Le 8 mars, journée internationale des droits des femmes, est d’ordinaire l’occasion de discours inspirants, avec plus ou moins de sincérité, voire de quelques mesures politiques en faveur de la cause féminine. Mais cette année, le ministère de l’Agriculture et de l’Élevage a frappé fort, en célébrant les femmes à sa manière : en réceptionnant… des vaches laitières.
« Heureux » hasard du calendrier ? Métaphore imprudente ? Révélation involontaire d’une pensée d’un autre âge ? Démonstration inconsciente de l’imaginaire collectif qui réduit encore trop souvent la femme à une figure maternelle et nourricière ? Le symbole peut prêter à sourire, ou à grincer des dents.
Si la symbolique de l’événement fait hausser quelques sourcils, elle s’inscrit dans un contexte gouvernemental qui ne brille pas par sa parité, ni par un souci croissant pour la cause féminine. Le président de la République et le Premier ministre, chacun, heureux époux de deux épouses, dirigent un gouvernement où les femmes tiennent sur les doigts d’une main, pouce non compris. Elles sont quatre sur trente-deux dépositaires de maroquins ministériels. Ce qui fait dire à certains que la parité, c’est bien joli, mais ça ne nourrit pas son homme. Ni ses vaches, d’ailleurs.
On se souvient qu’au début du Ramadan, le directeur général du Port Autonome de Dakar, avait signé un communiqué pour attribuer aux employées de la société, des horaires spécifiques, en ayant l’amabilité de penser à la fameuse tâche féminine du « togg ndogu », cette manie, même au sommet de l’Etat, d’encore et toujours réduire les femmes aux besognes ménagères.
Réceptionner des vaches laitières le 8 mars, n’est-ce pas aussi rappeler que la femme, dans les mentalités officielles, reste avant tout celle qui nourrit, qui veille au bien-être du foyer et qui assure la subsistance des siens. Une vision que l’on pourrait qualifier d’ancestrale, voire d’archaïque, mais qui trouve manifestement encore sa place dans les hautes sphères du pouvoir.
Pendant qu’ailleurs des femmes et des hommes prenaient la parole pour dénoncer les inégalités, notre bon ministre, lui, ne manquait pas d’éloges sur ces braves bêtes, symboles de prospérité et de productivité. Dans le communiqué publié, il n’a pas manqué de saluer dans une démonstration d’éloquence rustique, “le projet [qui] vise à améliorer la productivité du cheptel, développer les cultures fourragères, moderniser les élevages ». Pas un mot pour les femmes éleveuses. Les plus beaux qualificatifs ont été adressés aux vaches et leur coût mis en avant : « depuis 2017, grâce à un partenariat public-privé, le Sénégal a importé 6732 génisses de race laitières performantes (Holstein, Montbéliarde, Normande, Jersiaise, Brune) pour un investissement de 13 milliards F FCA, dont 5,4 milliards F CFA de subvention étatique ». Source : le ministre (sic).

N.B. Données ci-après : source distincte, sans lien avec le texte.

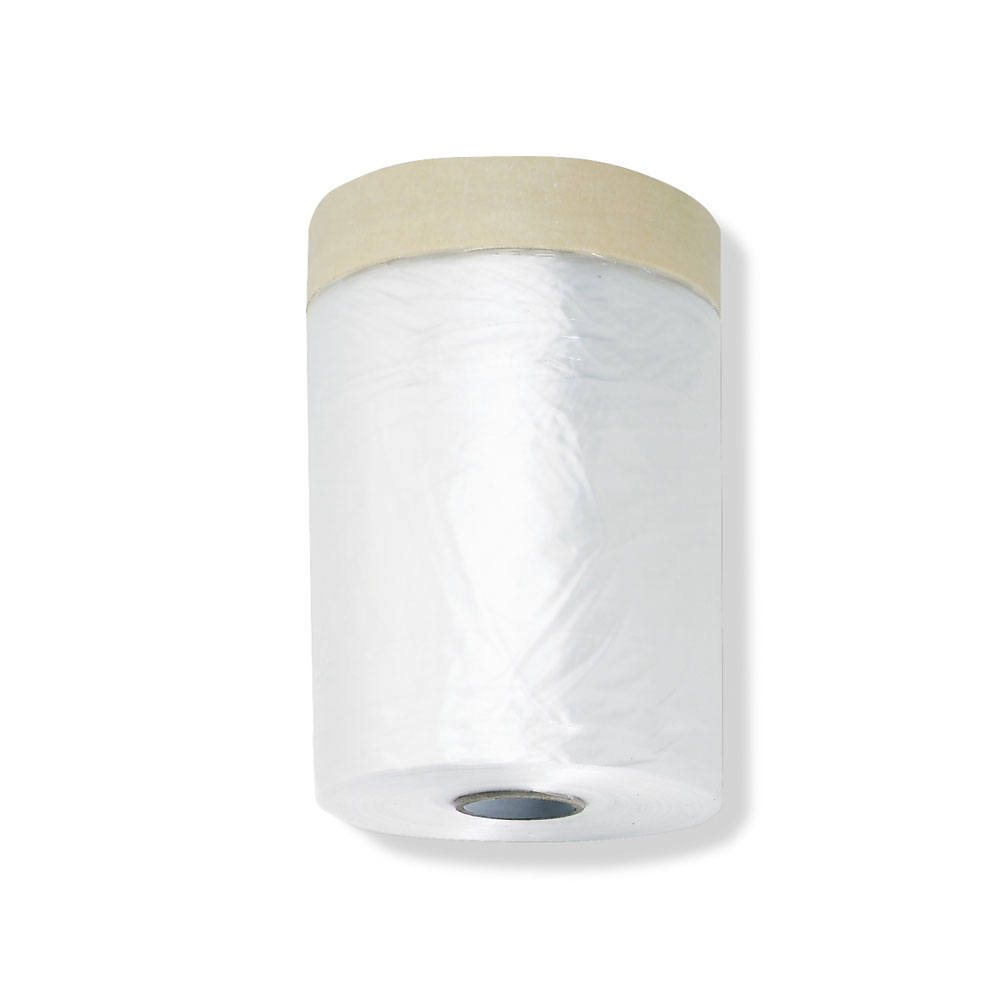 Cover Quick Folie mit Kreppband 270 cm x 16 m Cover Quick Folie mit Kreppband 270 cm x 16 m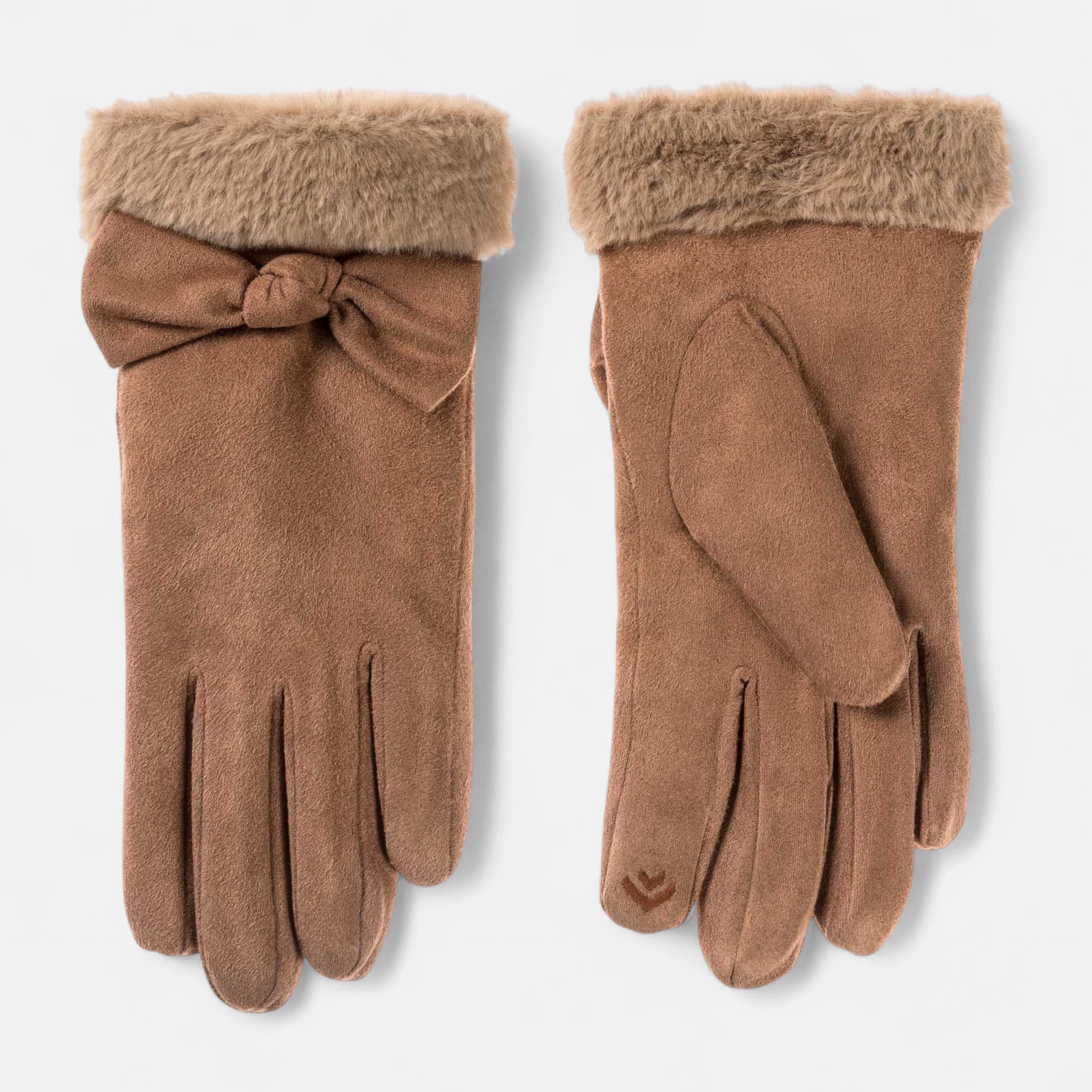 Gants camel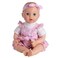 Adora Wrapped in Love Babies, 6-Piece Set Baby Doll with Voice Recorder Feature, Includes, Removable Outfit, Headband, Romper, Pacifier and Diaper, Birthday Gift For Ages 3+ - Precious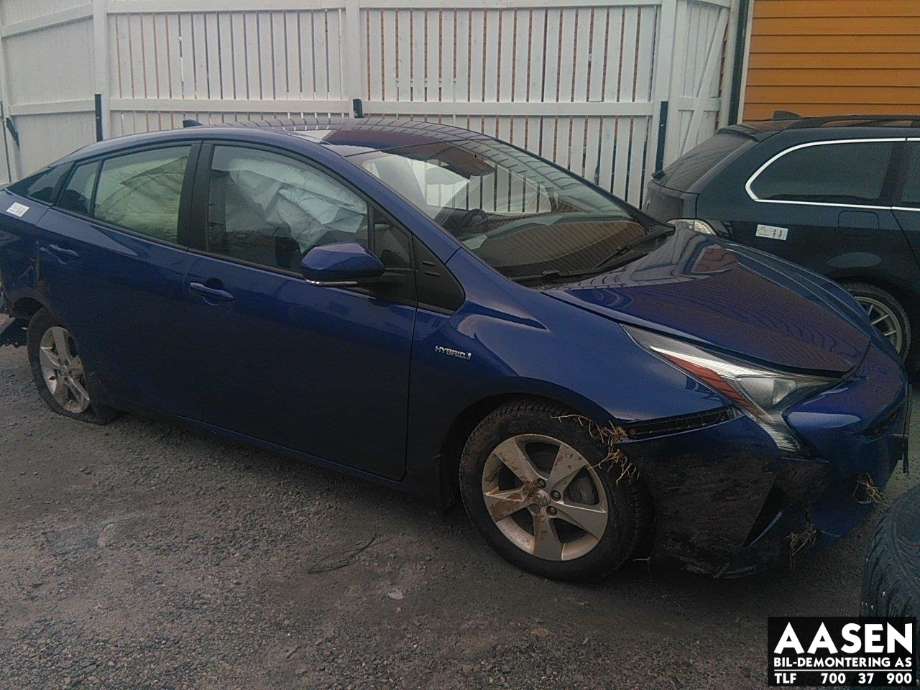 Toyota Prius 2016-2023 (Type IV) (combi) (combi), Motorkode: 2ZR-FXE, Girkassekode: 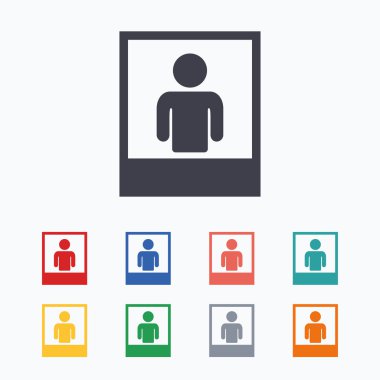 insan portre fotoğraf çerçevelemek. selfie fotoğraf.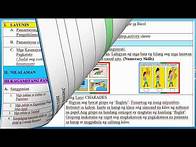 Video thumbnail for COT Lesson Plan Filipino (MELC Based)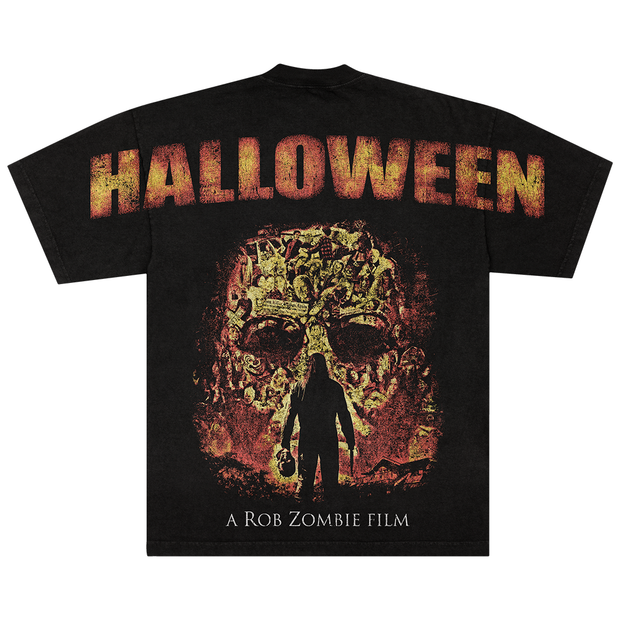Rob Zombie's Halloween Michael Myers All Over Print T-Shirt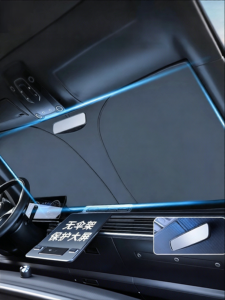 LQDQT | Sunproof Heat Insulation Car Sun Shade for VW Models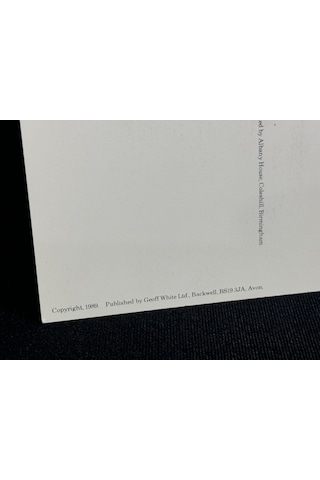 1995 İngiltere Kartpostal Britanya Ordusu Postcard The British Army Series No.55 6th Queen Elizabeth's Own Gurkha Rifles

Pourtant, ce sont les femmes éleveuses, au même titre que les hommes, qui représentent l’épine dorsale de l’économie rurale domestique. Elles se lèvent à l’aube, bien avant que les coqs n’aient l’idée de chanter. Elles sèment, bêchent, récoltent et commercialisent ce que la terre, (cette année très capricieuse, soit dit en passant), veut bien offrir. Elles nourrissent le petit bétail, veillent sur la santé des bêtes, et entre deux traites, gèrent aussi leur foyer. On les félicite toujours pour leur courage, mais on oubliera sûrement de leur donner quelques génisses. Pendant ce temps, ses bêtes, elles, bénéficient de plus d’attention de la part des institutions publiques. Peut-être parce qu’elles, au moins, produisent du lait sans réclamer l’égalité de droits fonciers, la lutte contre les violences dont elles sont victimes, ou l’autonomisation économique. Devrait-on s’attendre à une cérémonie de réception de poules pondeuses de race, le jour de la fête des Mères ?
Au final, ce 8 mars aurait pu être l’occasion pour le ministre de l’Agriculture et de l’Elevage, d’annonces fortes en faveur des femmes qui s’activent dans le domaine couvert par son département pour mieux résorber le gap persistant encore dans les mentalités sénégalaises. Monsieur Diagne n’a même pas compris l’ironie de la situation. Une chose est cependant sûre : l’histoire retiendra qu’en 2025, en pleine journée internationale des droits des femmes, un ministre de la République a préféré glorifier des vaches laitières plutôt que de parler des droits des femmes. Peut-être pour confirmer que dans son esprit et dans ce pays, ces droits-là, avancent au rythme d’une vache laitière qui rumine. À chacun sa vision du progrès.